Home

Centrale Raad van Beroep, 18-04-2012, BW3319, 11-910 WW

Centrale Raad van Beroep, 18-04-2012, BW3319, 11-910 WW

Gegevens

Instantie
Centrale Raad van Beroep
Datum uitspraak
18 april 2012
Datum publicatie
19 april 2012
ECLI
ECLI:NL:CRVB:2012:BW3319
Zaaknummer
11-910 WW
Relevante informatie
Werkloosheidswet [Tekst geldig vanaf 02-08-2022], Werkloosheidswet [Tekst geldig vanaf 02-08-2022] art. 27a

Inhoudsindicatie

Boete. Appellant heeft niet betwist dat hij de op hem rustende inlichtingenplicht heeft geschonden door het niet op de werkbriefjes vermelden van alle door hem gewerkte uren. Het feit dat appellant niet de intentie had om de inlichtingenverplichting te schenden betekent niet dat hem ter zake geen verwijt kan worden gemaakt of dat die verwijtbaarheid als verminderd zou moeten worden aangemerkt. Voor de WW is slechts relevant dat alle gewerkte uren moeten worden opgegeven, hetgeen ook op de werkbriefjes wordt vermeld.
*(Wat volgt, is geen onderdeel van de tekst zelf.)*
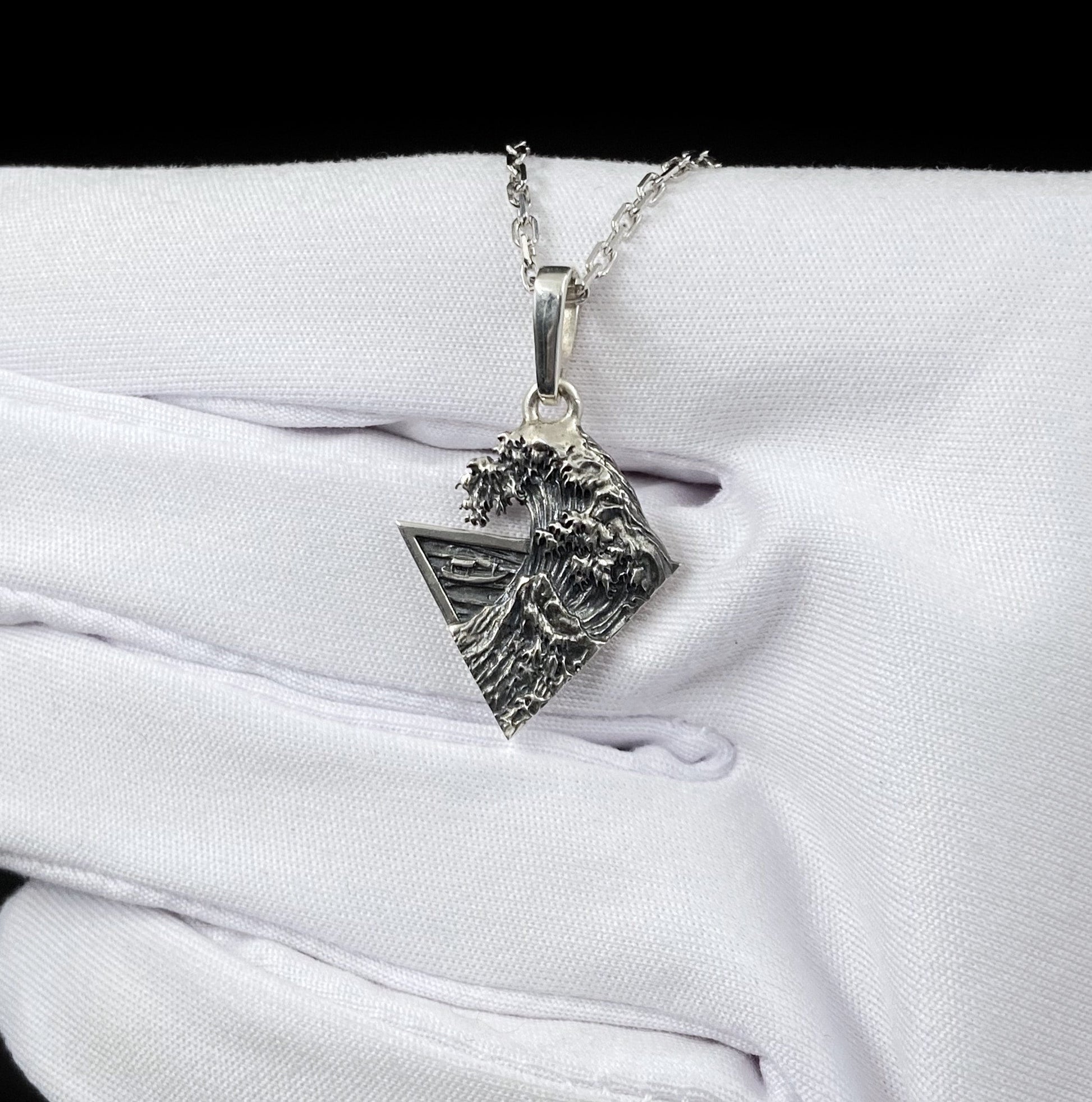Sterling Silver Great Wave Pendant, Hokusai Art Necklace (etsy image id: 6055824525)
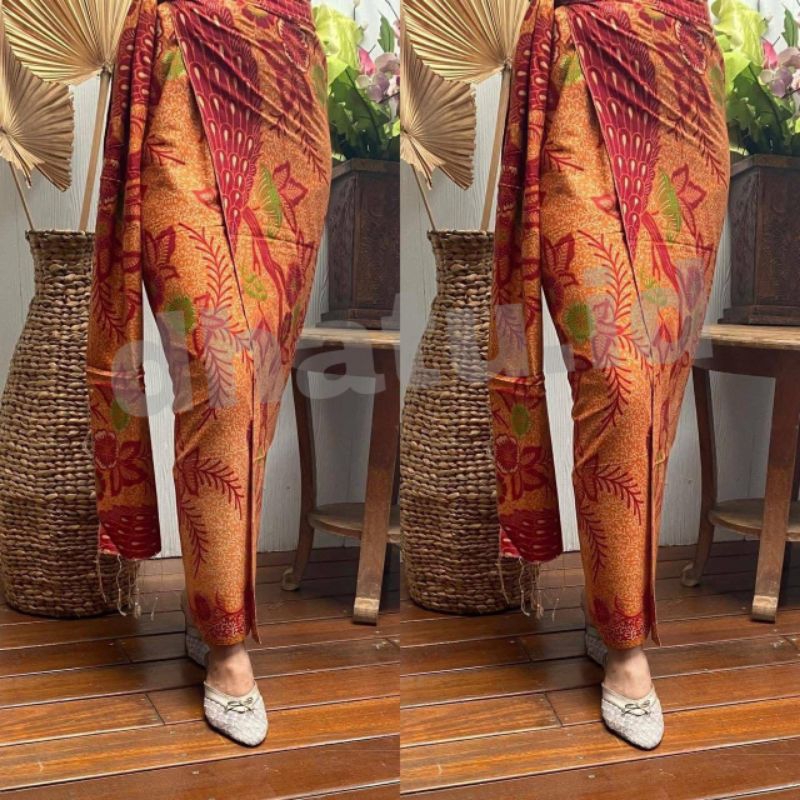 kamen lembaran set selendang atbm motif abstrak kopi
Daarover kon geen misverstand bestaan, zodat appellant van het niet nakomen van zijn inlichtingenplicht subjectief een verwijt kan worden gemaakt. De opgelegde boete is evenredig.

Uitspraak

11/910 WW

Centrale Raad van Beroep

Meervoudige kamer

U I T S P R A A K

op het hoger beroep van:

[appellant], wonende te [woonplaats] (appellant),

tegen de uitspraak van de rechtbank Amsterdam van 17 december 2010, 10/1886 (aangevallen uitspraak),

in het geding tussen:

appellant

en

de Raad van bestuur van het Uitvoeringsinstituut werknemersverzekeringen (Uwv).

Datum uitspraak: 18 april 2012

I. PROCESVERLOOP

Namens appellant heeft mr. C. Brouwer-Morren hoger beroep ingesteld.

Het Uwv heeft een verweerschrift ingediend.

Mr. Brouwer-Morren heeft zich als gemachtigde aan het hoger beroep onttrokken.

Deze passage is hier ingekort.